Exactly the lines below starting at the line with "Smeg Tank Lid" and ending at the line with "Accent Jacob Wheeler Original Buzzbait" are wanted, with both ends included. Leave out the pictures and add no other lines.

### Extracted information
◆ ◆ ◆
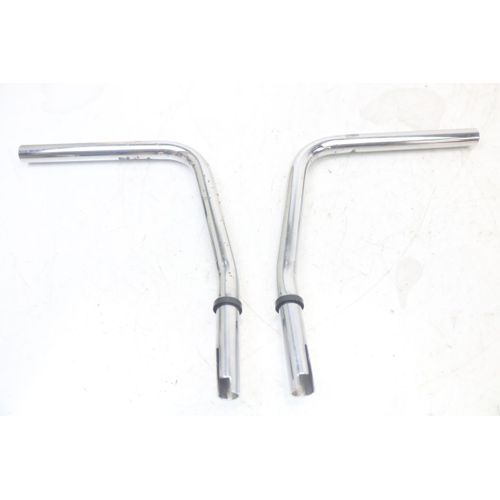 Guidon Peugeot 103 Vogue Vs2 50 2004 - 2017 / 204093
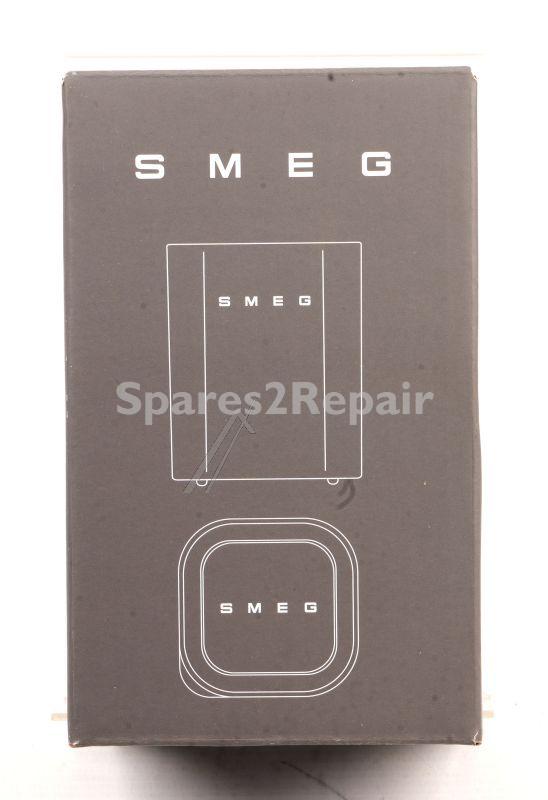 Smeg Tank Lid - 062173987 Coperchio Serb Giot-cel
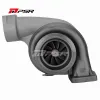 PULSAR Upgrade 410SX 478 78mm Billet Compressor Wheel Turbo for CAT 3406E C15 Engine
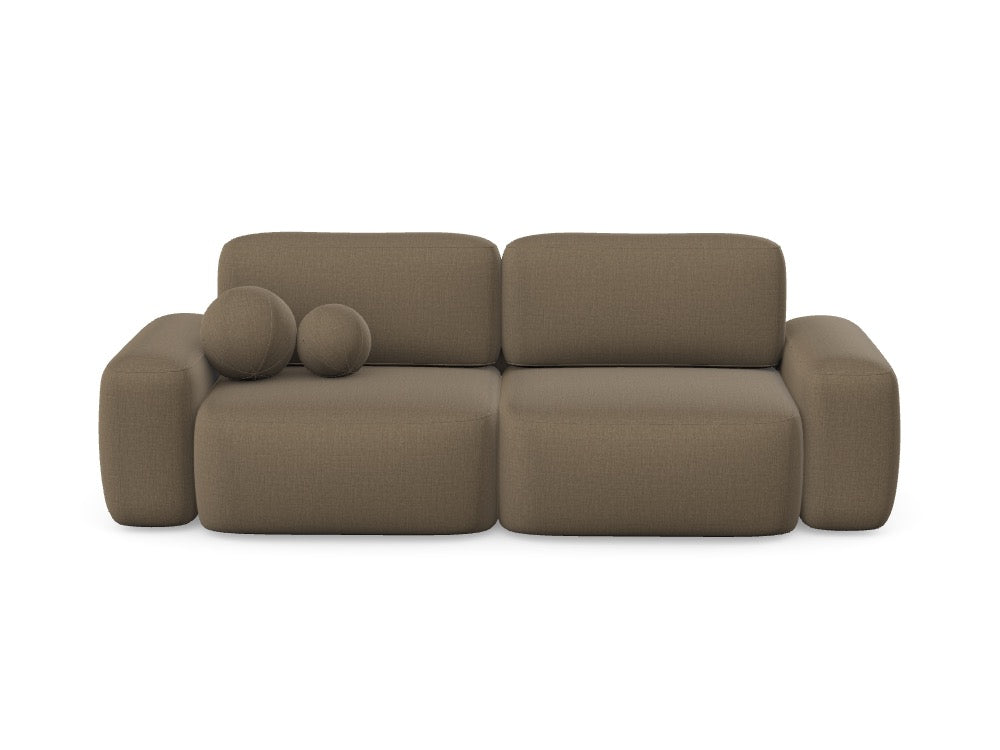 Bold - Deine Wunschkonfiguration EE6Z7MO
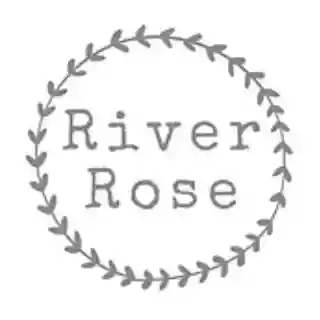 Shop River Rose coupon codes logo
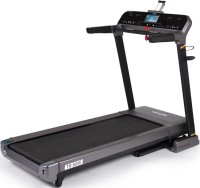 Фото - Беговая дорожка VirtuFit Elite TR-500i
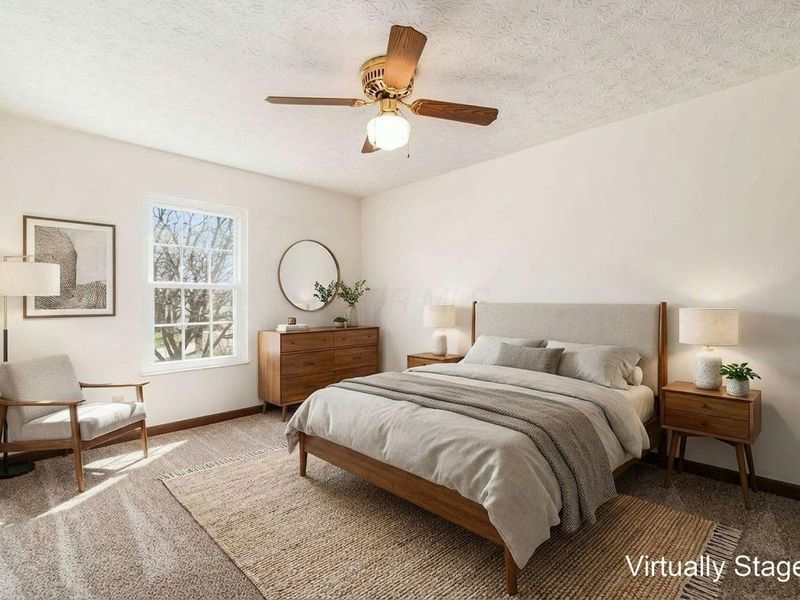 7685 Starmont Court, Dublin, OH 43016 Photo 37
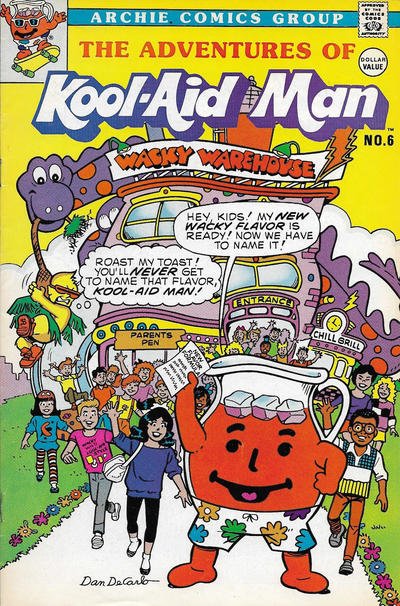 Issue Image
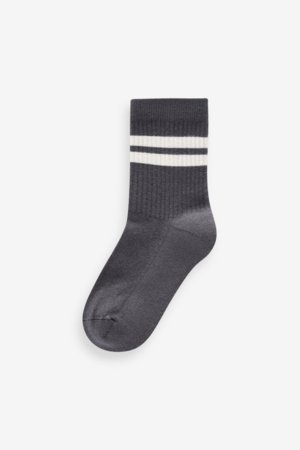 NEXT zeķes, 5 gab., 119643 23-26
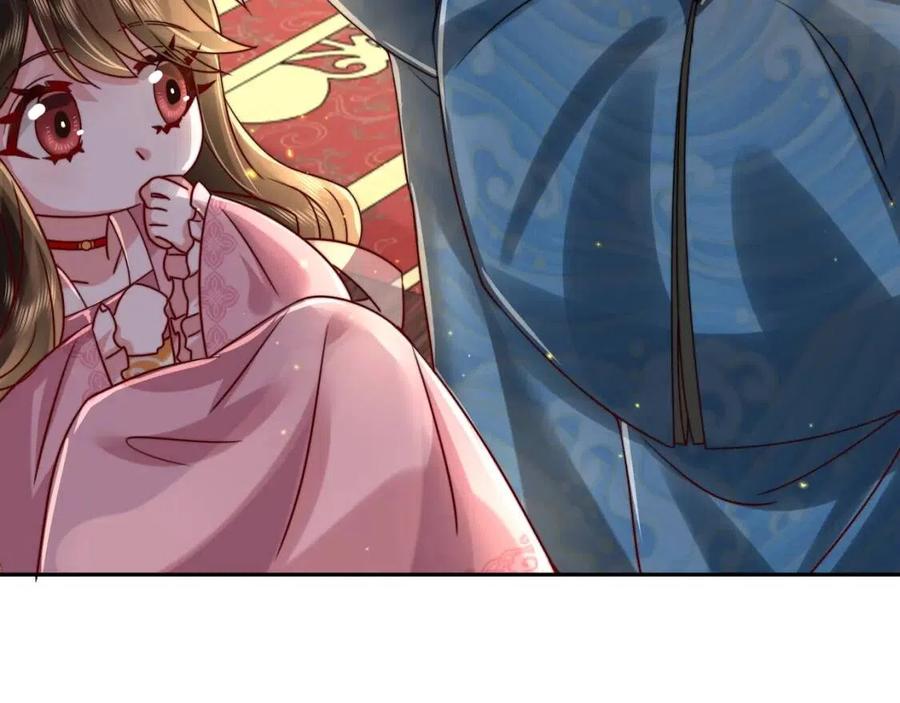 第16话 六哥哥！27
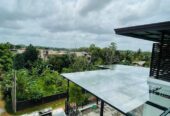 ART IRON WORKS – යකඩ වැඩ හා පෑස්සුම්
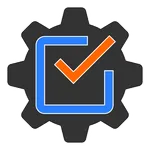 Quiz Factory icon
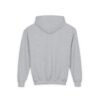 Youth Hoodie for Comfort & Style, Cozy Kids Sweatshirt, Perfect for Playdates, School, Gifts, Holiday Apparel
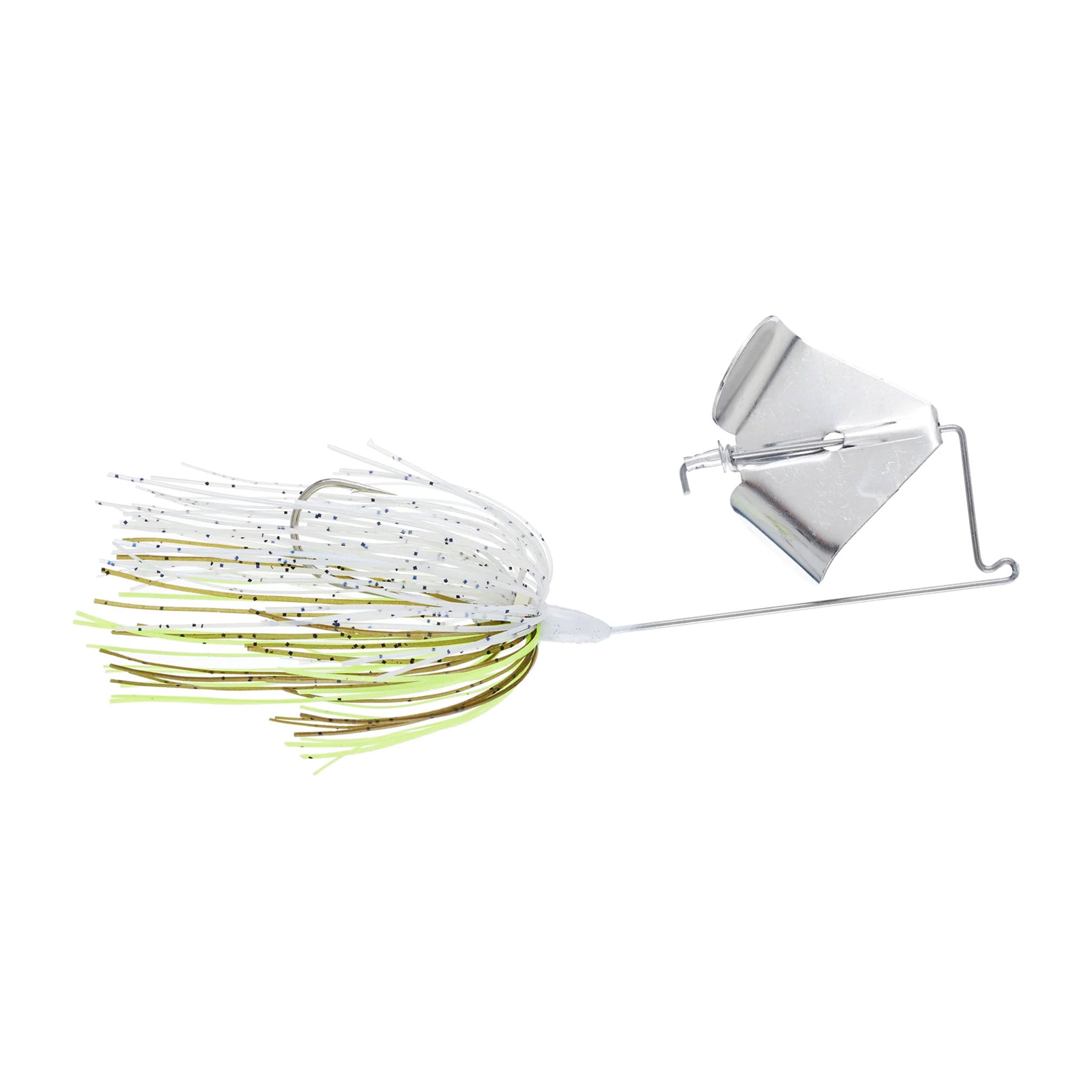 Accent Jacob Wheeler Original Buzzbait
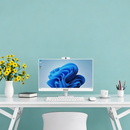 PC All-in-one 24'' - Intel i7-14700 16GB D4 512GB SSD | DIY Micro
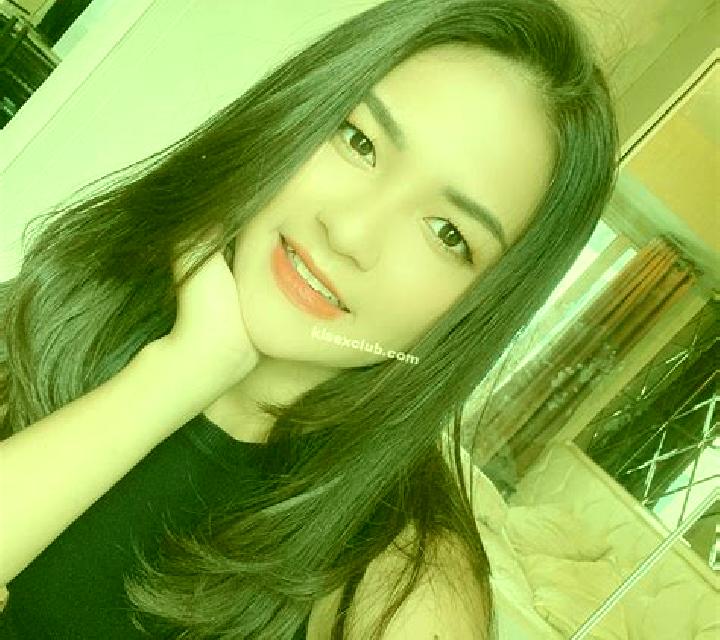 Elena Trijueque escort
◆ ◆ ◆
### Solution to this task
 Smeg Tank Lid - 062173987 Coperchio Serb Giot-cel
 PULSAR Upgrade 410SX 478 78mm Billet Compressor Wheel Turbo for CAT 3406E C15 Engine
 Bold - Deine Wunschkonfiguration EE6Z7MO
 Shop River Rose coupon codes logo
 Фото - Беговая дорожка VirtuFit Elite TR-500i
 7685 Starmont Court, Dublin, OH 43016 Photo 37
 Issue Image
 NEXT zeķes, 5 gab., 119643 23-26
 第16话 六哥哥！27
 ART IRON WORKS – යකඩ වැඩ හා පෑස්සුම්
 Quiz Factory icon
 Youth Hoodie for Comfort & Style, Cozy Kids Sweatshirt, Perfect for Playdates, School, Gifts, Holiday Apparel
 Accent Jacob Wheeler Original Buzzbait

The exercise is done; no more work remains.